With The Tulip and the Pope, Larsen delivers a swift and moving exploration of Christian experience and young womanhood in a more innocent time, and a message of devotion that extends far beyond the high walls of the convent.
From the Hardcover edition.
The story of novelist and poet Deborah Larsen's young womanhood, The Tulip and the Pope is both an exquisitely crafted spiritual memoir and a beautifully nuanced view of life in the convent.
In midsummer of 1960, nineteen-year-old Deborah shares a cab to a convent. She and the teenage girls with her, passionate to become nuns, heedless of all they are leaving behind, smoke their last cigarettes before entering their new lives. In the same artful prose that distinguished her novel The White, Larsen's memoir lets us into the hushed life of the convent.
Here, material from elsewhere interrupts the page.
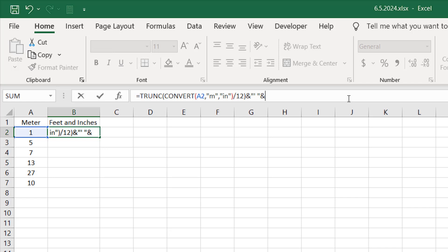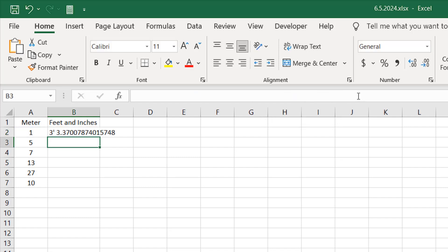Now let's add the inch part. We're going to add another ampersand, and we need to use the CONVERT function again — we can just copy this part — converting meters to inches again. Now I'll use the MOD function with a divisor of 12. The MOD function will always show the remainder: when we divide by 12 we get feet, and the remainder is inches. Close parentheses and press Enter — we have three feet, three inches, but with decimal points that I don't want.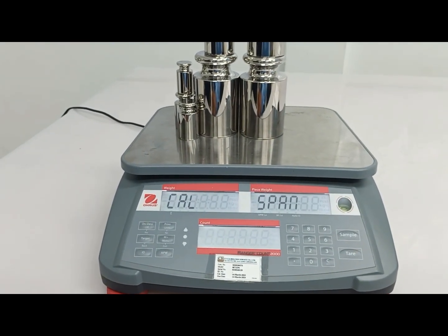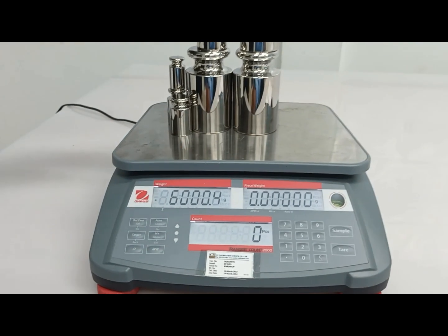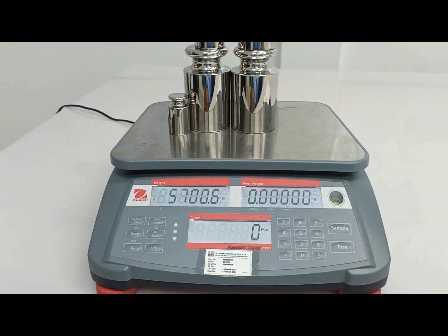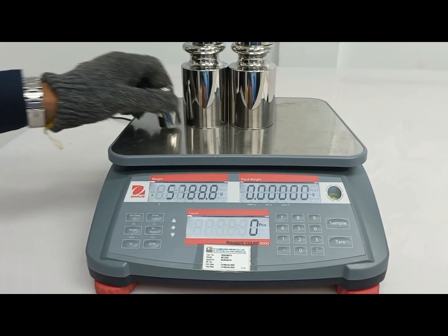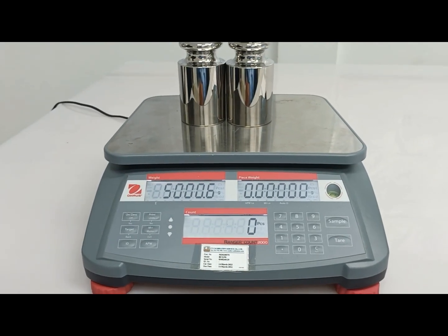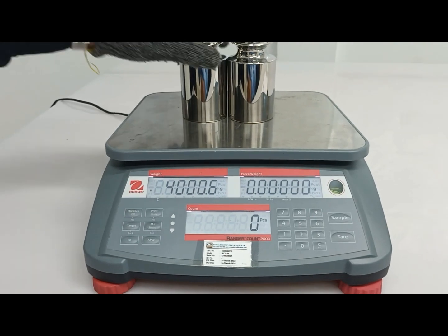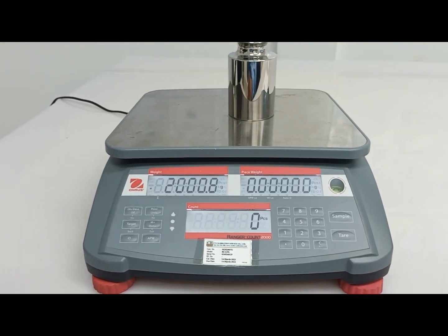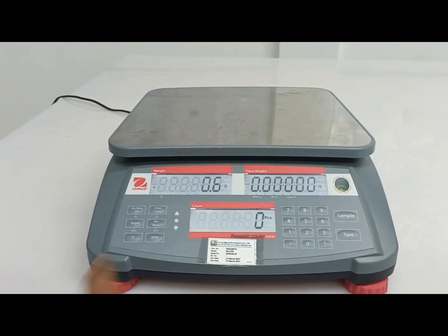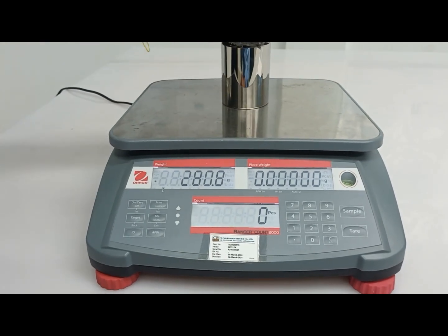Wait. We have done. I will remove the standard from the pan. I remove 2 kg. Let's press tare.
She captures the exquisite peace she found there, as well as the extreme constriction of the rules and her gradual awareness of all that she is missing. Eventually the physical world—the lush tulip she remembers seeing as a girl, the snow she tunneled in, and even the mystery of sex—begins to seem to her an alternative theater for a deep understanding and love of God.
About the Author
Deborah Larsen grew up in Saint Paul, Minnesota, and currently lives in Gettysburg, Pennsylvania. She teaches writing at Gettyburg College, where she holds the Merle S. Boyer Chair. She is the author of The White, a novel based on the life of Mary Jemison, and a collection of poetry, Stitching Porcelain. Her poems and short stories have appeared in The Nation, The Yale Review, and The New Yorker, among other publications.